Ram Shriram Joined the Google board at its creation. Prior to that, Shriram was vice president of business development at Amazon. com, reporting to Jeff Bezos, founder and CEO. During Shriram’s tenure at Amazon.com he grew the customer base from 3 million to 11 million users. Prior to Amazon. com, Shriram was president of Junglee Corp., a company that Amazon acquired in 1998. Before joining Junglee, Shriram was an early member of the Netscape Communications executive team. He initiated and built relationships with a targeted set of partners worldwide, helping Netscape to build market share and revenue momentum. In 1996, Shriram crafted Netscape’s indirect channels of distribution worldwide, and managed several hundred people with 16 direct reports across three continents (North America, Europe, and Asia), producing well over half of Netscape’s $346 million annual revenue. A year later, Shriram oversaw the OEM and website sales functions at Netscape, and helped generate more than $100 million in revenue from Netscape’s high-traffic website alone.

Shriram also serves on the board of Yodlee.com and Elance.com, and is a leading angel investor in Silicon Valley.

Does Ram Shriram really have the Midas touch (as recently ranked by Forbes magazine as number 3 on their Midas List)? Is he in fact the greatest angel investor of all time? Really, who is this man?

In a recent interview with John Heilemann from Business 2.0, Heilemann gives us some insight into “the man with the Midas touch”.

Heilemann states that “Ram Shriram is by nature a cheerful, easygoing guy, but if you want to get him a little miffed, just call him an angel investor.” What! He doesn’t want to be called an angel investor? Why not? Should he not take pride in the fact he is possibly the greatest angel investor to have ever lived on this planet?

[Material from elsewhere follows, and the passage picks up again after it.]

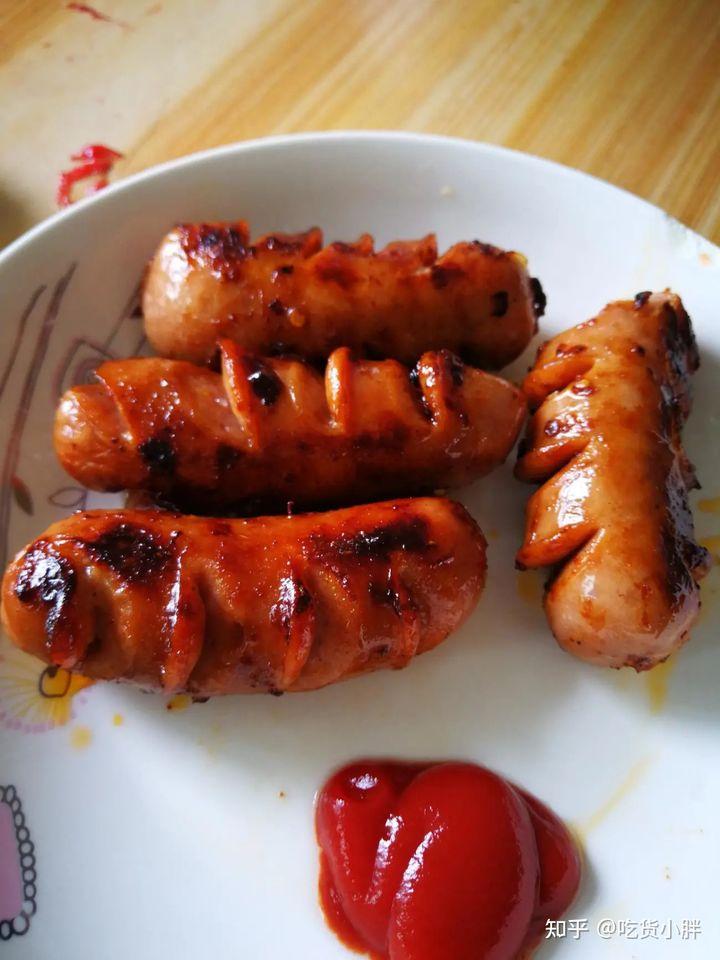 拼多多宝藏零食能买吗？拼多多宝藏零食是正品吗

Shriram likes to think of himself as a “start-up sherpa . Through his operating company Sherpalo, Shriram says he operates a very basic operation with no staff and no offices. How could this “start-up sherpa”, Google God and the managing partner of his investment firm Sherpalo not have an enormous infrastructure with staff buzzing all around? Shriram admits “I have no staff, no office, no institutional scaffolding. There are times I think it might be nice to have deep-pocketed limited partners to provide me with some cushion. But I enjoy having no responsibilities except to myself, financially. And so far it’s turned out quite well."5

Hey wait a minute, are we talking about the real Ram Shriram here? Shriram’s angel investment in Google’s IPO netted him more shares than any other solo investor, 5.1 million which he literally paid pennies for each (not public knowledge but most expect his original investment was between $100,000 - $200,000 USD). Last count has him owning 2.8 million shares and guess what Google’s stock was trading at when this article was written? Are you sitting down? $418 per share. Yes, my calculator said “error” as well when trying to calculate how much this investment made him and how much Google stock he presently owns.

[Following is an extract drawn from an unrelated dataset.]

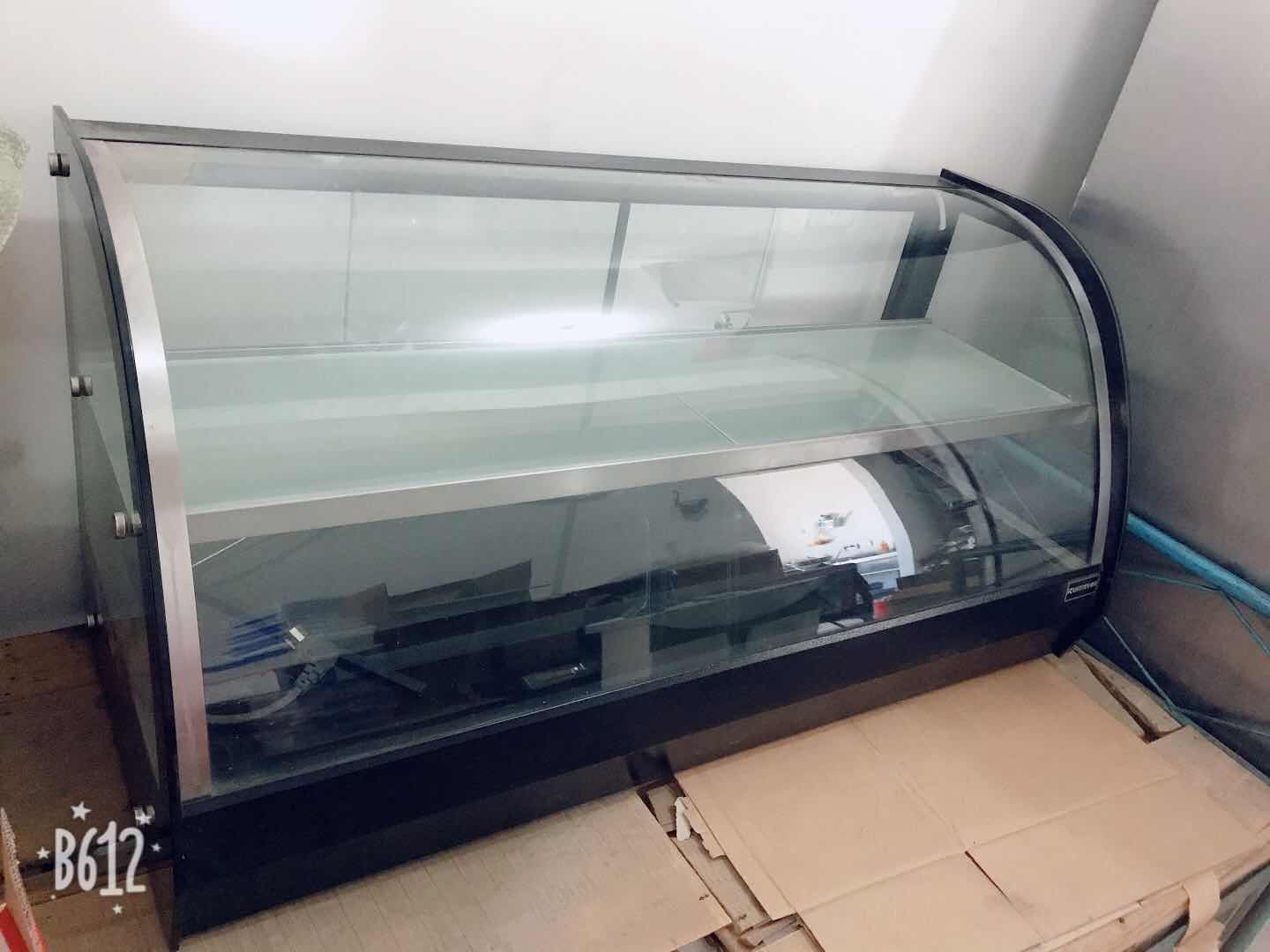 ����̨2����������2����չ��1��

So how did this regular man develop his Midas touch? Of course it all isn’t a matter of luck. Shriram has a fairly impressive resume and has worked with a great number of top US firms, pre and post bubble. He appears to me a man driven by working on only startups. Could that be the secret? If you visit his website, he makes it very clear what sort of companies he is looking to invest in;

Disruptive technologies, i.e. technology that addresses an existing customer base and provides a product or service that meets an existing need more cheaply and/or more efficiently. For example, when CDs were introduced to the music business, they were a disruptive technology, changing the status quo, and requiring users to purchase new hardware, despite there being a significant installed-base of record players and record collections. (See The Innovator’s Dilemma by Clayton Christensen, copyright 1997, Harvard College.)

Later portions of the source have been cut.